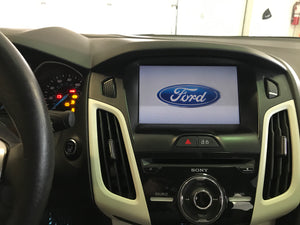 2014 Ford Focus Titanium Manual Transmission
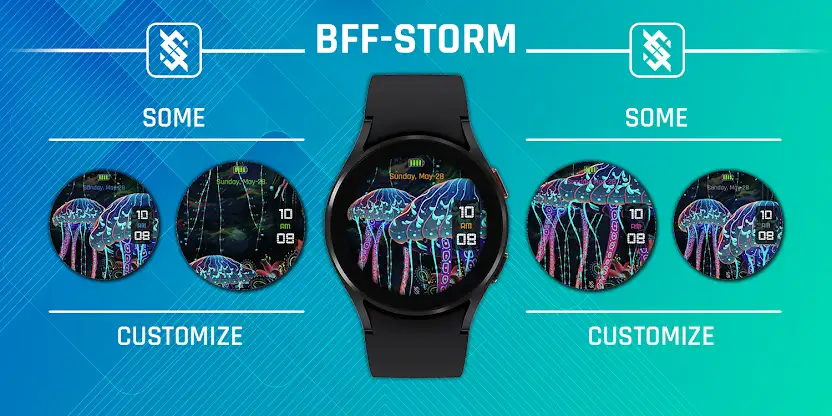 BFF17- Animation Jellyfish art screenshot 4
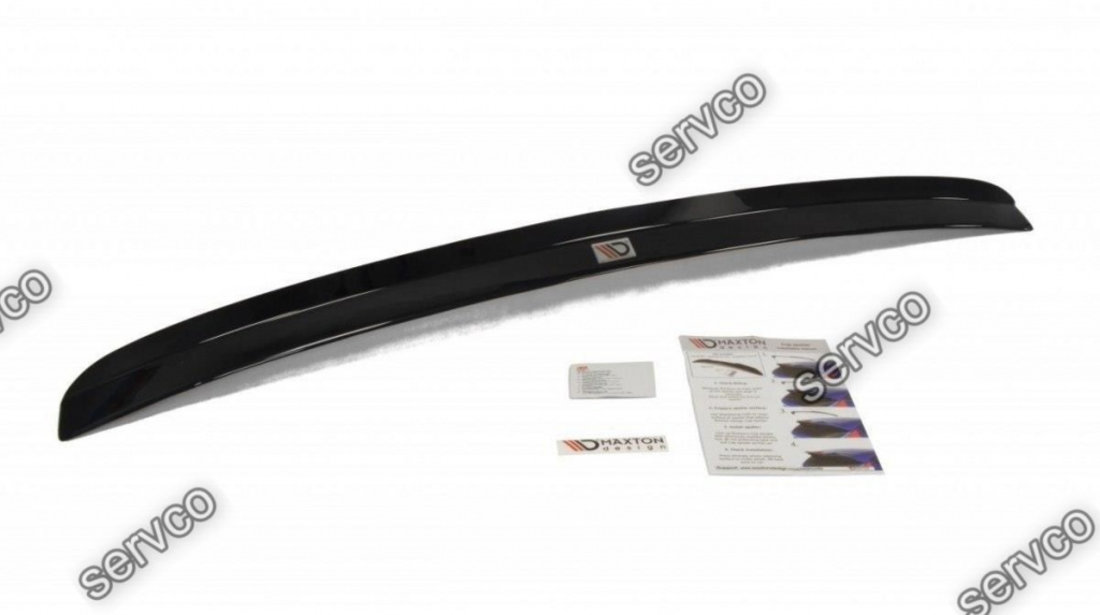 Eleron spoiler cap Bmw Seria 5 E61 M-Pachet 2003-2010 v1 - Maxton Design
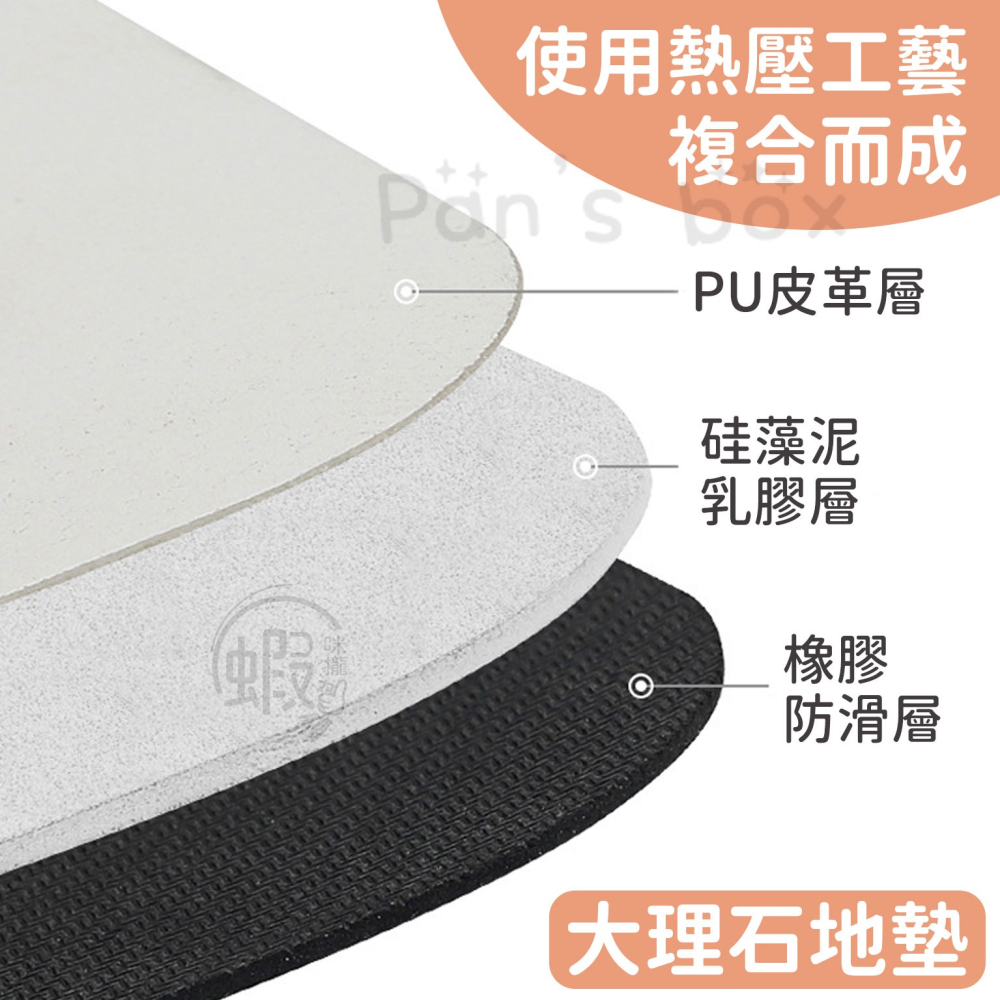硅藻土吸水地墊 3D地墊 硅藻泥軟地墊 矽藻土軟地墊 浴室地墊 硅藻土軟墊 硅藻泥瞬吸墊 吸水地墊 硅藻土 珪藻土 地墊-細節圖7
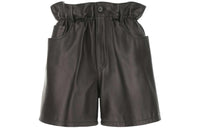 MIU MIU FW22 Casual Shorts Women's Black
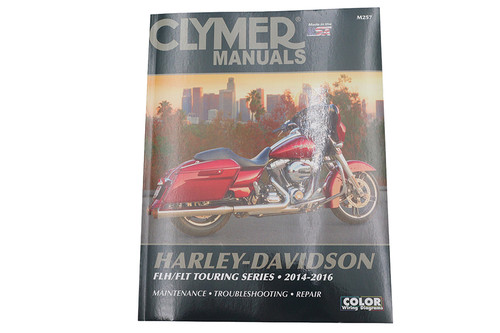 Clymer Manuals #M257 - Clymer Repair Manual for 2014-2016 FLT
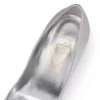 Miss Z – 100 mm pumps – lamineret nappalæder – sølv – kvinder Miss Z – 100 mm pumps – lamineret nappalæder – sølv – kvinder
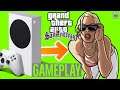 GTA SAN ANDREAS THE DEFINITIVE EDITION XBOX SERIES S GAMEPLAY!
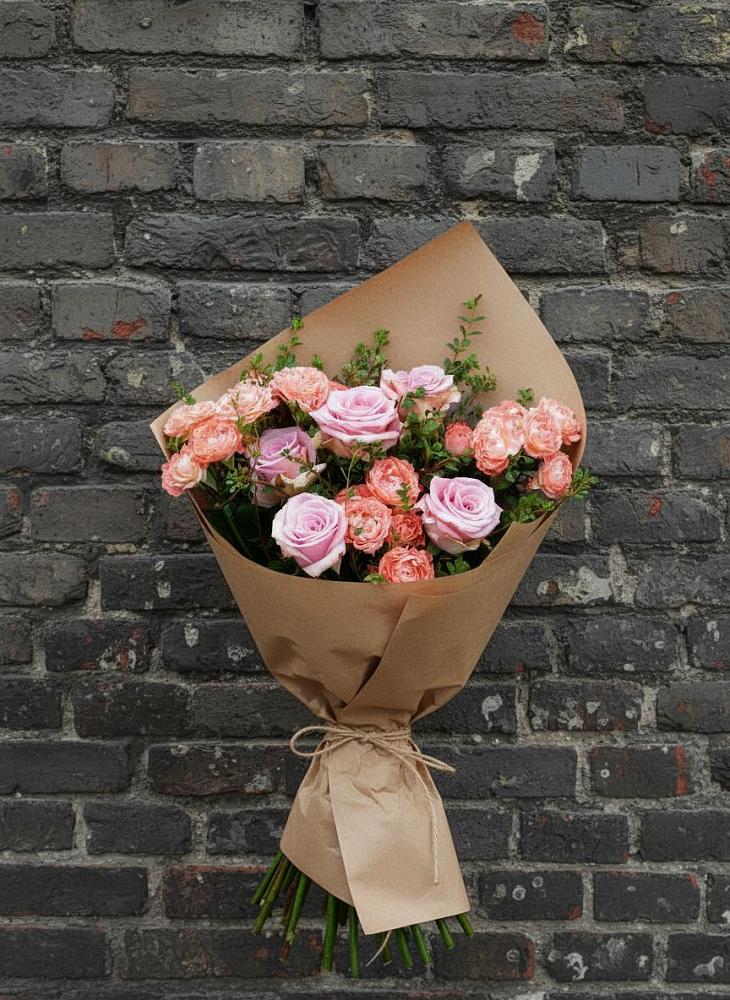 Букет цветов из: Розы в Уке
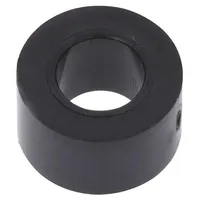 Spacer sleeve cylindrical polystyrene L 4Mm Øout 7Mm black  Tdys3.6/4 Kdr04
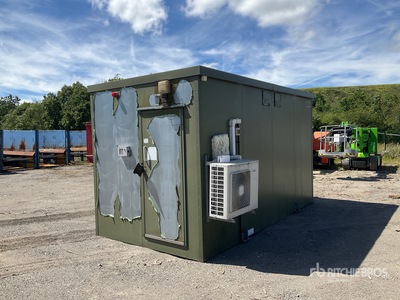 Portrastor 3 m x 5 m Storage Building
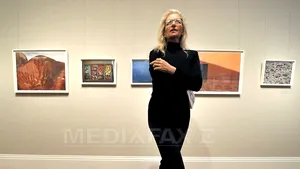 Fotografa americană Annie Leibovitz, laureata premiului 
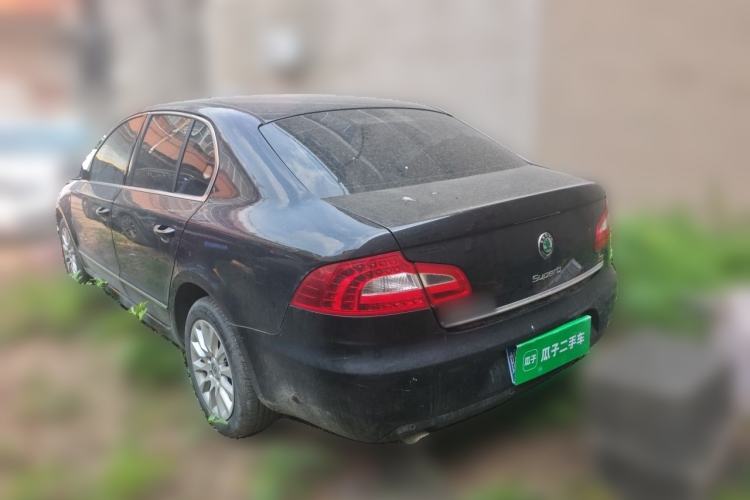 Used Skoda Superb 2012 2.0 TSI Automatic Elegant Edition Rear Left 45 Deg
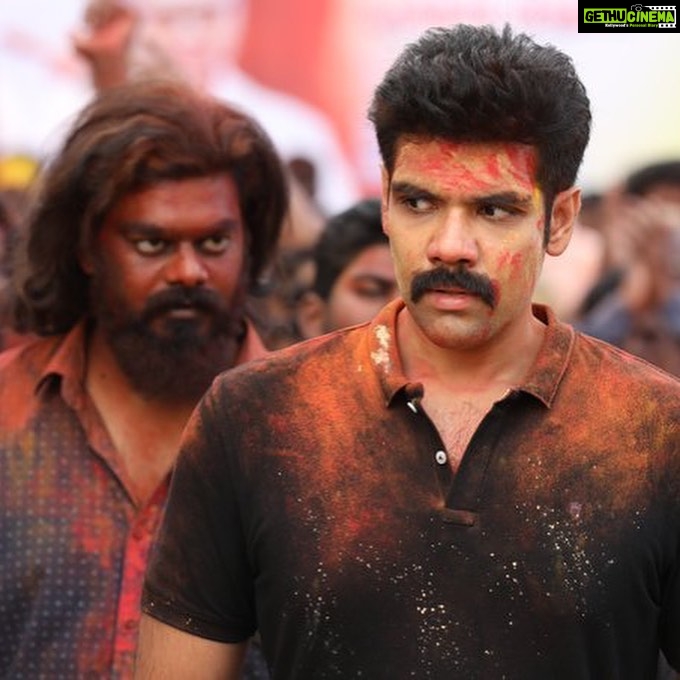 Sibi Sathyaraj Instagram - #Kabadadaari on location! #Sibisathyaraj #sibiraj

· · · · ·

◆ WORK INSTRUCTIONS ◆
Images stay out; everything else in the records must be given again exactly.

◆ EXERCISE OUTPUT ◆
 2014 Ford Focus Titanium Manual Transmission
 BFF17- Animation Jellyfish art screenshot 4
 Eleron spoiler cap Bmw Seria 5 E61 M-Pachet 2003-2010 v1 - Maxton Design
硅藻土吸水地墊 3D地墊 硅藻泥軟地墊 矽藻土軟地墊 浴室地墊 硅藻土軟墊 硅藻泥瞬吸墊 吸水地墊 硅藻土 珪藻土 地墊-細節圖7
 MIU MIU FW22 Casual Shorts Women's Black
 Clymer Manuals #M257 - Clymer Repair Manual for 2014-2016 FLT
 Miss Z – 100 mm pumps – lamineret nappalæder – sølv – kvinder Miss Z – 100 mm pumps – lamineret nappalæder – sølv – kvinder
 GTA SAN ANDREAS THE DEFINITIVE EDITION XBOX SERIES S GAMEPLAY!
 Букет цветов из: Розы в Уке
 Spacer sleeve cylindrical polystyrene L 4Mm Øout 7Mm black  Tdys3.6/4 Kdr04
 Portrastor 3 m x 5 m Storage Building
 Fotografa americană Annie Leibovitz, laureata premiului 
 Used Skoda Superb 2012 2.0 TSI Automatic Elegant Edition Rear Left 45 Deg
 Sibi Sathyaraj Instagram - #Kabadadaari on location! #Sibisathyaraj #sibiraj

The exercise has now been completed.